7. The Supreme Court in the decision reported as (1977) 2 SCC 491 State of Haryana vs.Rattan Singh held that recording of statement of passengers by Inspectors was to be adhered as a matter of prudence and there is no rule that binds the checking staff to take the statement of the passengers. In the present case as noted above statements were recorded, however the passengers did not turn up and for their non-appearance it cannot be held that the management failed to prove the charges. In Para 4 it was held:

"4. It is well settled that in a domestic enquiry the strict and sophisticated rules of evidence under the Indian Evidence Act may not apply. All materials which are logically probative for a prudent mind are permissible. There is no allergy to hearsay evidence provided it has reasonable nexus and credibility. It is true that departmental authorities and Administrative Tribunals must be careful in evaluating such material and should not glibly swallow what is strictly speaking not relevant under the

Indian Evidence Act. For this proposition it is not necessary to cite decisions nor text books, although we have been taken through case-law and other authorities by counsel on both sides. The essence of a judicial approach is objectivity, exclusion of extraneous materials or considerations and observance of rules of natural justice. Of course, fairplay is the basis and if perversity or arbitrariness, bias or surrender of independence of judgment vitiate the conclusions reached, such finding, even though of a domestic tribunal, cannot be held good. However, the courts below misdirected themselves, perhaps, in insisting that passengers who had come in and gone out should be chased and brought before the tribunal before a valid finding could be recorded. The „residuum‟ rule to which counsel for the respondent referred, based upon certain passages from American Jurisprudence does not go to that extent nor does the passage from Halsbury insist on such rigid requirement. The simple point is, was there some evidence or was there no evidence -- not in the sense of the technical rules governing regular court proceedings but in a fair commonsense way as men of understanding and worldly wisdom will accept. Viewed in this way, sufficiency of evidence in proof of the finding by a domestic tribunal is beyond scrutiny. Absence of any evidence in support of a finding is certainly available for the court to look into because it amounts to an error of law apparent on the record. We find, in this case, that the evidence of Chamanlal, Inspector of the Flying Squad, is some evidence which has relevance to the charge levelled against the respondent. Therefore, we are unable to hold that the order is invalid on that ground."

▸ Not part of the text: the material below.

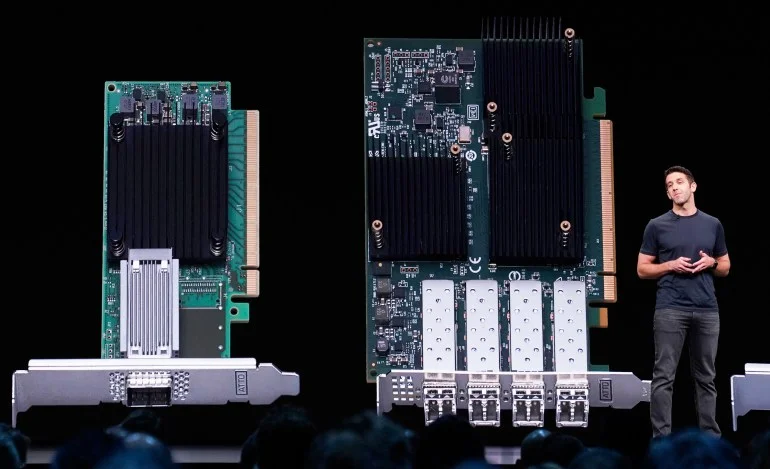 فايننشال تايمز: تيم كوك سيغادر آبل وهذا هو المرشح لخلافته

8. Learned counsel though contends that the statements so recorded do not bear the signatures of Ram Kishan the only witness examined on behalf of the management, however Ram Kishan has clearly stated that statements were recorded by one Ramesh Chand. Merely by stating that Ramesh Chand has not been produced in the witness box the evidence of Ram Kishan does not get effaced with. The learned Labour Court though came to

the conclusion that there was every possibility that Rajbir Singh had collected `1/- each from the two passengers, however since statement of passengers has not been proved by the management benefit of doubt was granted. Having come to the conclusion that from the evidence there was every possibility of the appellant having collected `1/- each from the two passengers and no tickets having been issued to the passengers, the further finding of the learned Labour Court is erroneous and has thus been rightly set aside by the learned Single Judge.

9. Considering the evidence on record and law on the issue we find no infirmity in the impugned order passed by the learned Single Judge.

10. Consequently, the appeal is dismissed.